Friday, July 20, 2012

About Marriage and Honesty

If there is anything I have learned in the last year of following along the lives of some of my favorite bloggers, it's that the best way to ensure your blog is successful is to be honest.

I think nearly all of my favorite blogs (this one, that one and the one over there) have posted at some point or the other about the difficult task of being honest and sharing some very personal and sometimes private feelings. And thoughts. And emotions.

So here goes.



I am a married woman. I like to think that all other married women experience the same things: the growing pains of learning to live along side this strange, new creature -- your husband.

There are times when I laugh at the things he does, times when we laugh together even. There are times that I am frustrated with what feels like an inability to communicate what I feel. There are times when we learn something together, about the other, and it's all beautiful and Hallmark-y and this-is-what-it's-all-about-y. And then there are times when I have this overwhelming, all consuming feeling that from the outside, my marriage has to be perfect.

I think that all married women feel that at some level at some point in their married lives. I would hazard to say that it falls somewhere after the "honeymooning" and  your 20 year high school reunion. Or maybe it's when you have kids and everything changes. I don't know. I'm just guessing.

At any rate, as likely every married woman feels, I feel like it's especially true for me. Mostly because I met my husband on July 29th, 2011. It's now July 20th, 2012 and we've been married long enough to have grown a baby. You do the math.

So I guess know what it is for me. It's that I am shouldering the load of what I think everyone else is thinking. It's a dangerous and slippery slope, lemme tell ya!

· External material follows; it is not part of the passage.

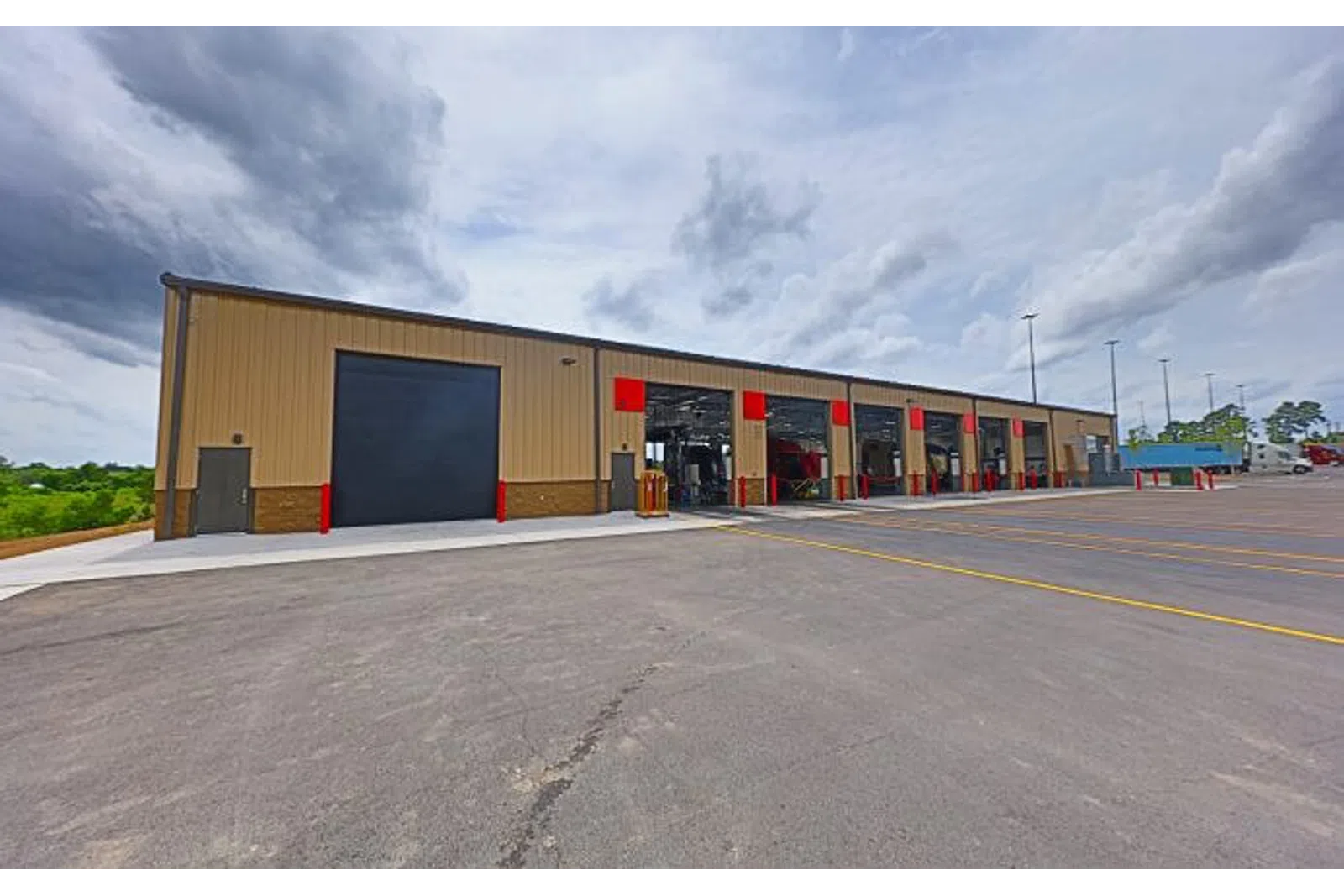 Wide view of a large industrial building with multiple open garage bays and a paved parking area under cloudy sky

But even knowing that I don't know what everyone else is thinking, that I'm just assuming that's what everyone is thinking, doesn't stop the overwhelming desire to shed some serious crocodile tears out of frustration or exhaustion or just plain 'ol disappointment. I think what's worse, though, is that I feel like I can't tell anyone when things are not-so-sunny because I feel like my marriage has to be be perfect and that no one must know about the times -- which let's face it, there are a lot of little times -- when we are not perfect.

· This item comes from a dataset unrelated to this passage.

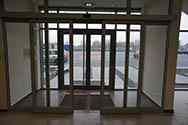 Automatyczne drzwi przesuwne z aluminium stanowiące główne wejście do budynku biurowego. Wyposażone w czujniki ruchu kontrolujące napęd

Or maybe it's the fact that I had someone really close to me call me up and spit venom at me for the better part of a half hour with particular emphasis on my serious lack of judgement in "rushing" in to this marriage. And a minor amount of emphasis on the fact that she was the only one that cared about me enough to be honest with me about it all.

Whatever it is, I seriously need to get over it 'cause my marriage isn't perfect. And it probably never will. And worst of all? Trying to gloss over that fact is exhausting.